Earning a degree in mathematical sciences can mean higher pay and increased job satisfaction. According to the US Bureau of Labor, the mean salary for a mathematicians is $108,100, with the top 10 percent earning close to $500. The mean salary for statisticians is $95,570 with the top 10 percent earning close to $157,300.
The Future of Math and Statistics
Job opportunities in math and statistics are anticipated to grow much faster than the average for all other occupations.
As big data, the combination of mathematics and computers, and the use of electronic devices revolutionizes the way we live and interact with one another, the need for people with strong math and stats backgrounds will become increasingly important. Biostatisticians will need to be involved as our medical and pharmaceutical industries adapt to an aging US population. Machine learning, numerical analysis, and scientific computer will impact the ability to capture, store, analyze, and comprehend data.

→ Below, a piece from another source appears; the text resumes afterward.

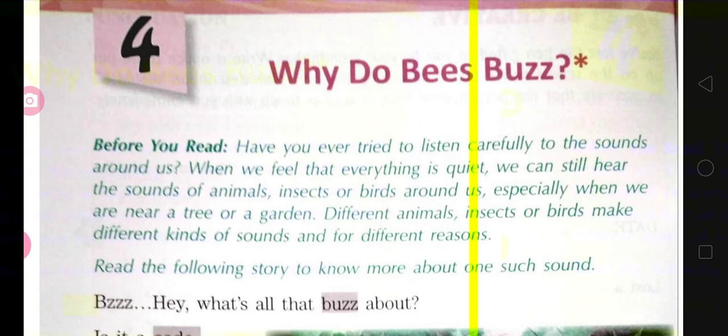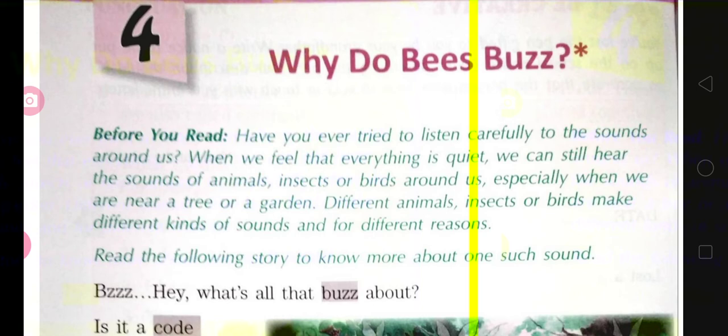As all living beings have different sounds — we human beings talk, but animals and birds have different sounds and languages. For example, snakes hiss, birds chirp, dogs bark, and cats mew. These are their sounds. So every living being has a different sound, and in the same way bees are also having their own sound — that is your buzzing sound.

Mathematics and Statistics at Michigan Tech
Big enough for opportunities—like undergraduate research projects—and small enough that professors get to know you. The Department of Mathematical Sciences at Michigan Tech offers three undergraduate degrees—mathematics (BS),statistics (BS), and a combination of mathematics and computer science (BS). Students also take courses in business, including accounting and finance. Earn a degree from Michigan's flagship technological university.

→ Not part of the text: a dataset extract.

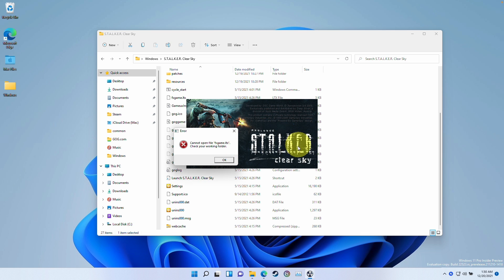This game I've downloaded from the GOG website. I can't actually open the game because it says here, can't open file fxgame.itx, check your working folder. You're going to press OK.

Many Michigan Tech mathematics and statistics majors—upwards of 30 percent—dual major, most commonly in physics, computer science, or engineering.

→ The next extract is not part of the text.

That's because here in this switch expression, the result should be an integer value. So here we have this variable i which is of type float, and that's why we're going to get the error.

Our statistics degree requires a core of six mathematics courses, nine introductory and advanced statistics courses, three courses in a specific application area, plus general education classes. All math majors take eight core mathematics sources, plus advanced course depending on chose concentration within six areas:
Actuaries are in high demand. They are responsible for designing insurance policies and pension plans. Our courses in actuarial science prepare students to take the Society of Actuaries professional credential exams.
With plenty of available electives, our applied and computational mathematics concentration is ideal for a double major. It's all about the kind of mathematics used in designing scientific simulations like how an airplane wing or a proposed car body will perform.
This new concentration involves mathematical and statistical modeling to improve business performance—much of the work centers on analyzing data. Business analytics students take courses in mathematics, statistics, computing, data mining, database management, and business.
Discrete mathematics is the mathematics behind computer science—a good choice for double-majoring, especially with computer science.
General mathematics is designed for students intending to go on to graduate school, with an emphasis on mathematical theory.
Since all of these areas share the same core classes, students can easily switch from one concentration to another. The curriculum covers statistics, mathematical reasoning, computer-related discrete math, and using math to understand the world.
Tomorrow Needs STEM-savvy Mathematicians
Michigan Tech math and statistics graduates have found careers with employers as diverse as:
- Bureau of Labor Statistics
- Mayo Clinic
- National Security Agency
- Social Security Administration
- Towers Watson
- US Forest Service
Whether studying math, studying statistics, or combining math and computer sciences, it's clear that you will have ample career opportunities.